2. Input file formats - FinucaneLab/fine-mapping-inf GitHub Wiki
Sample summary statistics file
rsid chromosome position allele1 allele2 maf beta se p
rs139709627 01 152918258 A C 0.005139 -0.00732174 0.029975 0.81
rs11576457 01 152918556 T C 0.419853 6.43001e-05 0.00421589 0.99
rs11576882 01 152918785 T G 0.492955 -0.00125987 0.00415113 0.76
rs55719571 01 152918837 G A 0.038157 0.0054003 0.0108642 0.62
rs140228053 01 152920070 T C 0.003884 0.00362918 0.0354218 0.92
The algorithm requires either a z score column or both marginal beta and se columns. The other columns are optional. SNP ID column is not necessary but highly recommended.

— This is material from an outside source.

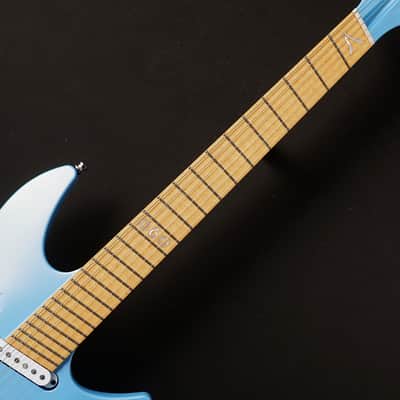 Aristides Guitars 060S (Light Blue Satin Pearl) image 4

This file needs to be readable with pandas.read_csv
.
Sample LD file
array([[ 1. , 0.0629755 , 0.0726322 , -0.0172111 , -0.00607431],
[ 0.0629755 , 1. , 0.855799 , 0.168526 , -0.0796643 ],
[ 0.0726322 , 0.855799 , 1. , 0.197715 , -0.0679788 ],
[-0.0172111 , 0.168526 , 0.197715 , 1. , -0.0150502 ],
[-0.00607431, -0.0796643 , -0.0679788 , -0.0150502 , 1. ]])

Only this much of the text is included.